我有一个带有句子(文本)列的数据框。 我想执行名称实体替换:我有一个列表,其元素是股票信息

stocks = [
{"symbol": "GS", "company": "Goldman Sachs", "index": "Dow Jones", "sector": "Financial Services"},
{"symbol": "JPM", "company": "JPMorgan Chase", "index": "Dow Jones", "sector": "Financial Services"},
{"symbol": "TRV", "company": "The Travelers Companies", "index": "Dow Jones", "sector": "Financial Services"},
{"symbol": "V", "company": "Visa Inc.", "index": "Dow Jones", "sector": "Financial Services"},
{"symbol": "AMGN", "company": "Amgen", "index": "Dow Jones", "sector": "Healthcare"},
{"symbol": "JNJ", "company": "Johnson & Johnson", "index": "Dow Jones", "sector": "Healthcare"}
]

我想在我的数据框中找到句子 'symbol' 和 'company',以便用 '<TCK>' 替换符号,用 '<CMPY>' 替换公司。该函数必须应用于所有行。

我正在寻找一个函数,它接收带有标记化文本的数据帧和 returns 处理后的文本。 重要的是要匹配整个公司名称,而不仅仅是名称的一个元素。
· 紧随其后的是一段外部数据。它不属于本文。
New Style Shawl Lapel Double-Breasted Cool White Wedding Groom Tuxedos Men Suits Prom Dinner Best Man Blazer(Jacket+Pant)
关于符号,我知道它有点困难,因为在文本中很容易找到 'V'(签证符号),但是我来这里是为了听到一些好的解决方法

让我们举个例子开始:

print(dataframe['text'])

输出:

0  [GS is the main company of Dow Jones]
1  [Once again Visa surprises all]*
2  [Johnson & Johnson's vaccine is the best one]

我想要一个具有以下结果的新专栏:

0  [<TKR> is the main company of Dow Jones]
1  [Once again <CMPY> surprises all]*
2  [<CMPY>'s vaccine is the best one] 

第 1 行 --> 棘手,因为公司的真实名称是 'Visa Inc.' 而不仅仅是 Visa...我真的不知道如何处理它。

我不知道使用标记化句子是否更好:因为在那种情况下我还需要标记化“公司”,例如高盛。

您可以使用

import pandas as pd
import re

stocks = [
{"symbol": "GS", "company": "Goldman Sachs", "index": "Dow Jones", "sector": "Financial Services"},
{"symbol": "JPM", "company": "JPMorgan Chase", "index": "Dow Jones", "sector": "Financial Services"},
{"symbol": "TRV", "company": "The Travelers Companies", "index": "Dow Jones", "sector": "Financial Services"},
{"symbol": "V", "company": "Visa Inc.", "index": "Dow Jones", "sector": "Financial Services"},
{"symbol": "AMGN", "company": "Amgen", "index": "Dow Jones", "sector": "Healthcare"},
{"symbol": "JNJ", "company": "Johnson & Johnson", "index": "Dow Jones", "sector": "Healthcare"}
]

def process_term(term):
    t = [x for x in term.split()]
    first = t[0]
    if len(t) > 1:
        first = first + r"(?:\s+{}{}".format("(?:\s+".join(map(re.escape,t[1:])), ")?" * (len(t)-1))
    return first

dataframe = pd.DataFrame({'text':['GS is the main company of Dow Jones', 'Once again Visa surprises all', "Johnson & Johnson's vaccine is the best one"]})
rx_symbol = r"\b(?:{})\b".format("|".join([x["symbol"] for x in stocks]))
rx_company = r"\b(?:{})(?!\w)".format("|".join(sorted([process_term(x["company"]) for x in stocks], key=len, reverse=True)))
dataframe['new_text'] = dataframe['text'].str.replace(rx_symbol, r'<TKR>', regex=True)
dataframe['new_text'] = dataframe['new_text'].str.replace(rx_company, r'<CMPY>', regex=True)
>>> dataframe
# =>                                           text                                # new_text
# => 0          GS is the main company of Dow Jones  <TKR> is the main company of Dow Jones
# => 1                Once again Visa surprises all         Once again <CMPY> surprises all
# => 2  Johnson & Johnson's vaccine is the best one        <CMPY>'s vaccine is the best one

简而言之:

  • symbolcompany 数据中创建两个正则表达式和 运行 两个 replace 操作
  • symbol 正则表达式很简单,它看起来像 \b(?:GS|JPM|TRV|V|AMGN|JNJ)\b 并且匹配括号中的任何替代项作为一个完整的词
  • company 正则表达式遵循 Regular expression to match A, AB, ABC, but not AC. ("starts with"). It looks like \b(?:The(?:\s+Travelers(?:\s+Companies)?)?|Johnson(?:\s+\&(?:\s+Johnson)?)?|JPMorgan(?:\s+Chase)?|Goldman(?:\s+Sachs)?|Visa(?:\s+Inc\.)?|Amgen)(?!\w): each company name is re.escaped, and each subsequent word only matches (optionally) if the previous term word is matched. See the regex demo 中描述的后缀方法。请注意,右侧单词边界设置为 (?!\w) 前瞻,因为如果术语以非单词字符结尾,\b 将阻止匹配。